> Work to complete:
Starting at the line that contains "New 2027 Glacial", output each line exactly as written through the end of the listing below, but leave out the pictures.

> Recorded information:

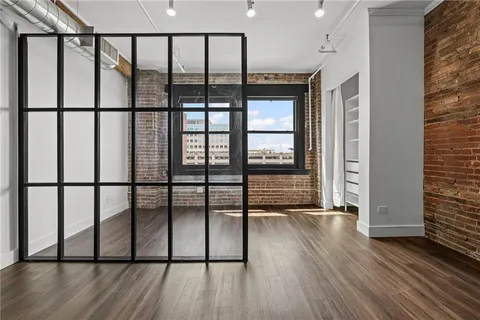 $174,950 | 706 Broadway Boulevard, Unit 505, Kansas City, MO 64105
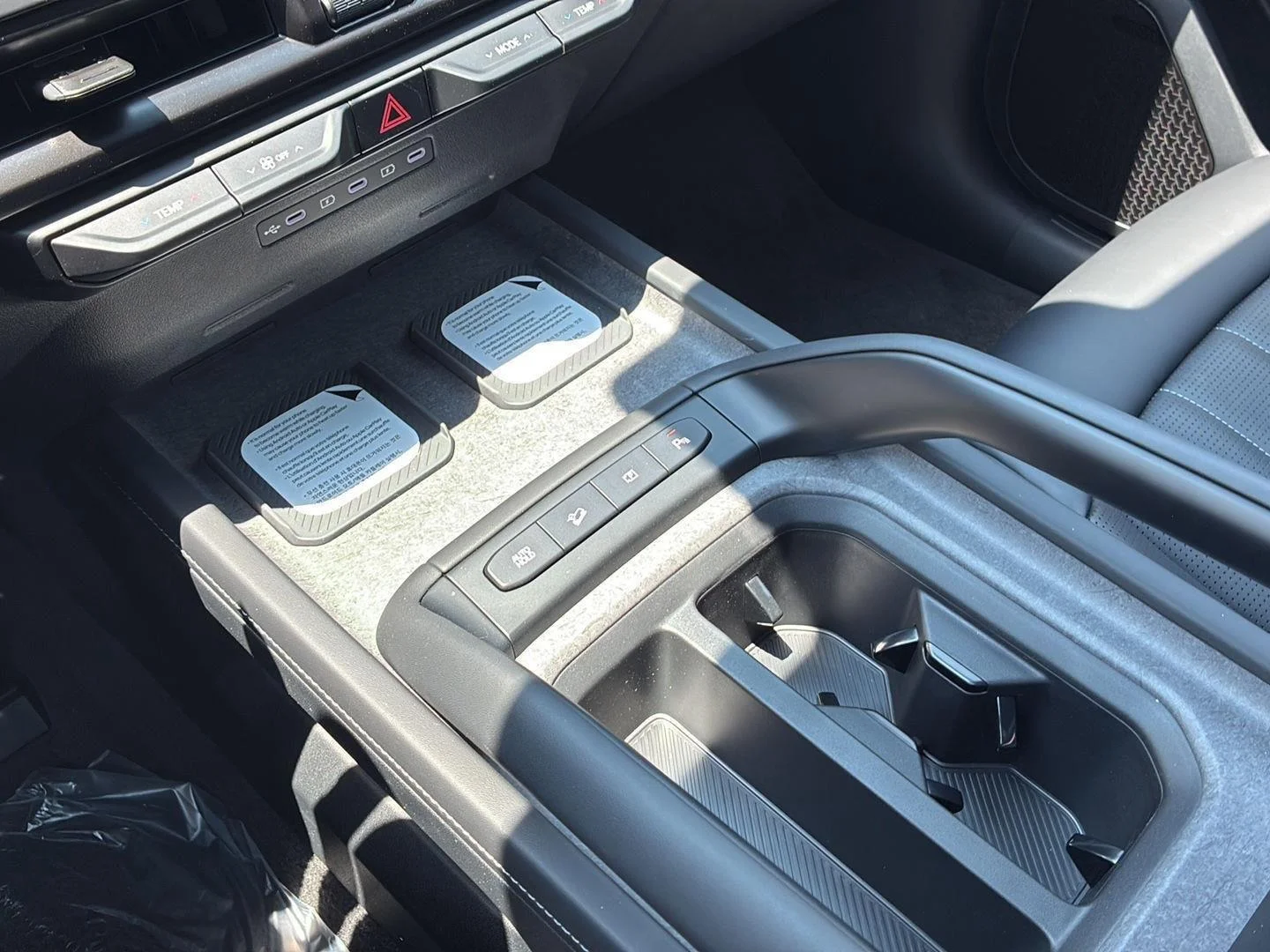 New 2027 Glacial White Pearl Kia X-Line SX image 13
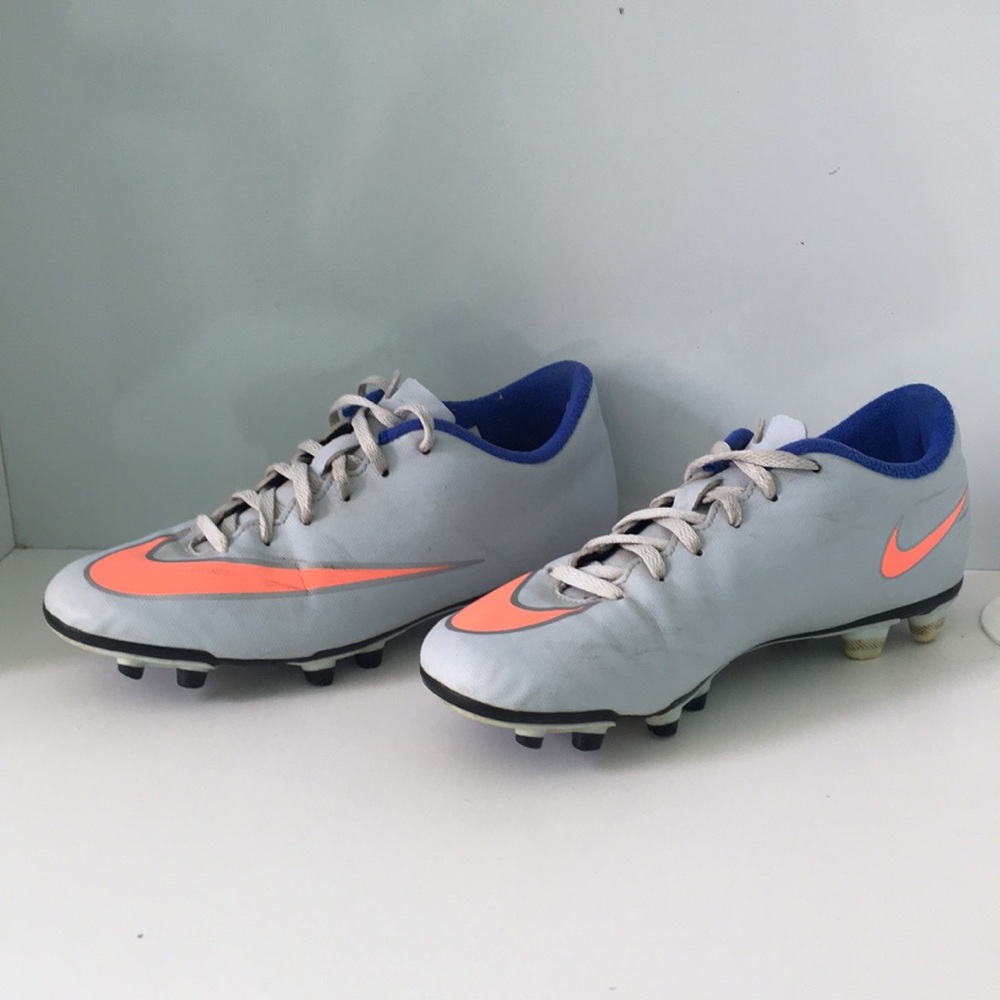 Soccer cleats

> Exercise response:
 New 2027 Glacial White Pearl Kia X-Line SX image 13
 Soccer cleats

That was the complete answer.